4. A control method for a flexible bridge energy storage device in a substation, characterized in that: The specific steps are as follows: Step 1: Collect voltage and current data of the two power supply input sides of the two bus sections and the new energy power generation system, calculate the load power transmitted by the two power supplies and the power generation of the new energy; collect the state of charge value of the energy storage battery compartment to determine the charging and discharging conditions. Step 2: Based on the load power transmitted by the two bus incoming power supplies and the working capacity of the two power supplies, calculate the load rate of the two power supplies and determine whether energy needs to be transferred between the two independent bus sections.
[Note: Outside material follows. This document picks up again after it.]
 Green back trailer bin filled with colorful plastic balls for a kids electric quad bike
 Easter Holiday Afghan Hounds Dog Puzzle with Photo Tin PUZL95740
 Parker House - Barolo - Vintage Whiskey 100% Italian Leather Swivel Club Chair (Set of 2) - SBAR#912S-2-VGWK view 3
Step 3: Based on the load power transmitted by the two bus incoming power sources and the power generated by new energy sources, combined with the time-of-use electricity price meter and the charge status of the energy storage battery compartment, determine whether the energy storage battery compartment is charging or discharging; that is, through the charging and discharging of the energy storage battery compartment, further realize peak-valley electricity price arbitrage and improve the new energy consumption rate.
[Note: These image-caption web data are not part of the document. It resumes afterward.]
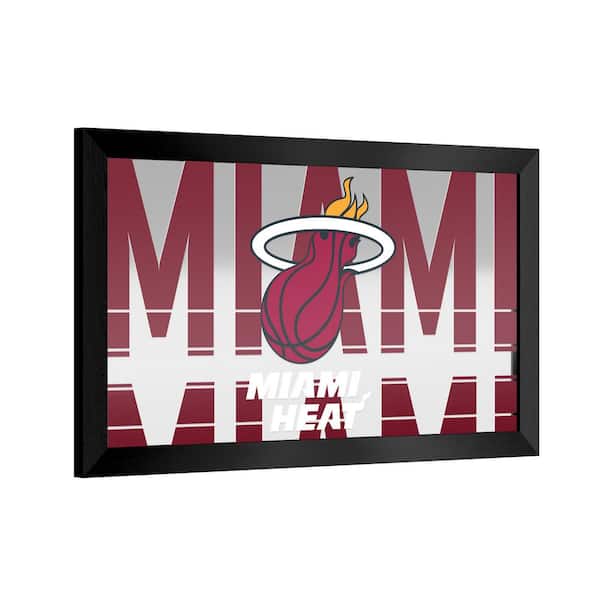 Miami Heat City 26 in. W x 15 in. H Wood Black Framed Mirror NBA9MH3HD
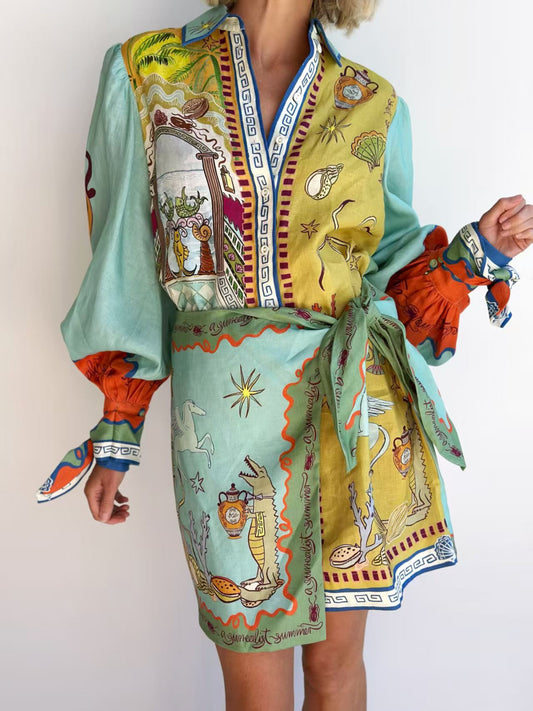 Turquoise Printed Long Sleeved Dress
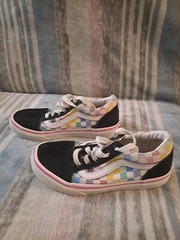 VANS 721356 Old Skool Rainbow Checkered Low Top Skate Shoes Kids Size 2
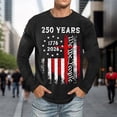 thumbnail image 4 of Puliio 250Th Anniversary Us Shirt For Men's American Flag Printing Long Sleeve Crewneck Tee Tops For Celebrate America's 250Th Anniversary（Black,L), 4 of 4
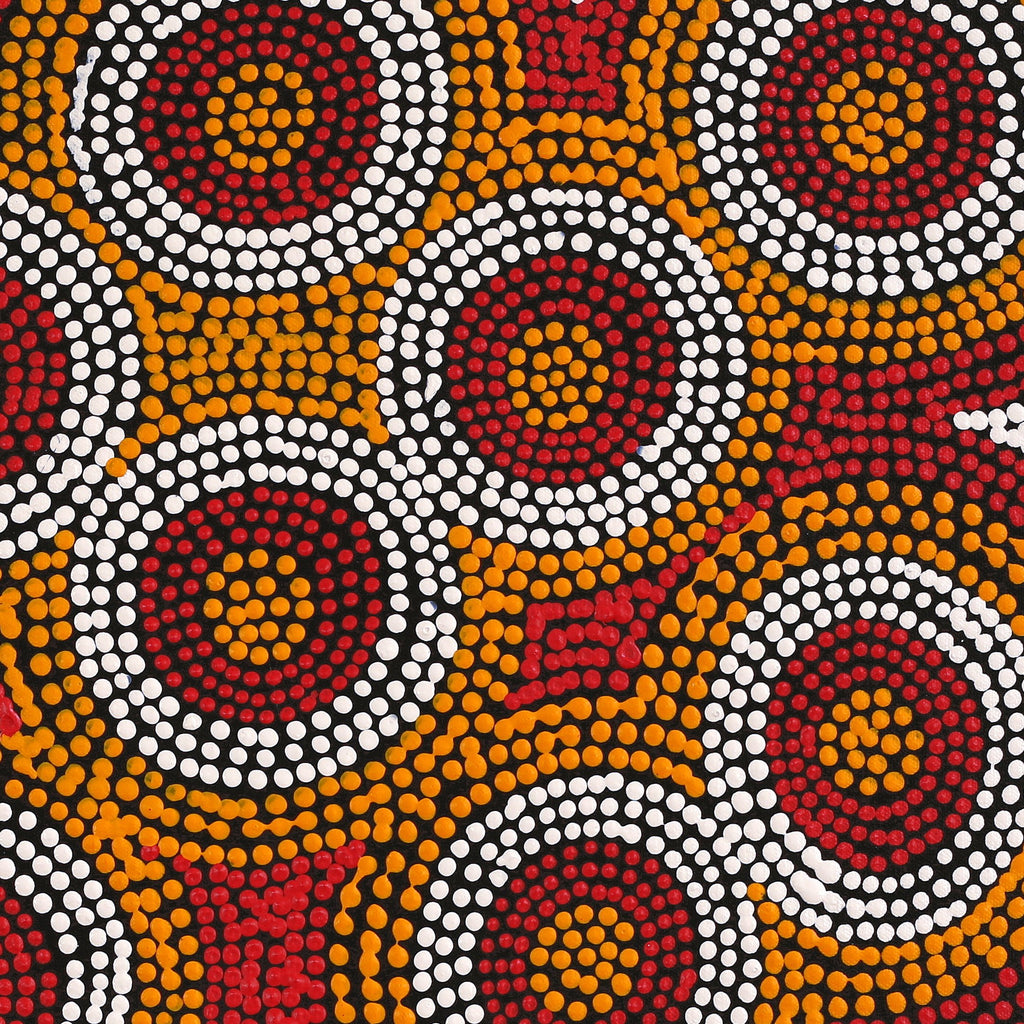 Aboriginal Artwork by Geraldine Napurrurla Wilson, Yawakiyi Jukurrpa (Native Currant Dreaming), 46x46cm - ART ARK®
5. The control method for a flexible bridge energy storage device in a substation according to claim 4, characterized in that: During periods of grid parity or peak electricity prices, if the total load capacity is greater than the total generation capacity, but the load capacity of bus I is less than the generation capacity and the battery discharge capacity is less than the set threshold, the flexible bridge energy storage device is activated to make bridge 1 rectify and bridge 2 invert, with the rectification and inversion power being the same. The flexible bridge energy storage device is in energy migration mode, transferring the surplus photovoltaic power of bus I to bus II.
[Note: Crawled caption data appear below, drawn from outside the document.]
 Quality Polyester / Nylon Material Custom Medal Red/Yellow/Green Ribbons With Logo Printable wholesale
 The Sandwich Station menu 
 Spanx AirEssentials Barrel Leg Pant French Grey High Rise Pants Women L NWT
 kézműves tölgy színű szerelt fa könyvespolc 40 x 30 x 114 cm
6. The control method for a flexible bridge energy storage device in a substation according to claim 4, characterized in that: During periods of grid parity or peak electricity prices, if the total load capacity is greater than the total generation capacity, and the load capacity of bus section I is less than the generation capacity and the battery discharge capacity is greater than the set threshold, the flexible bridge energy storage device is activated to make bridge 1 rectify and bridge 2 invert, and the rectification power is less than the inverting power, the difference being the battery discharge power. The flexible bridge energy storage device operates in the energy migration + discharge state.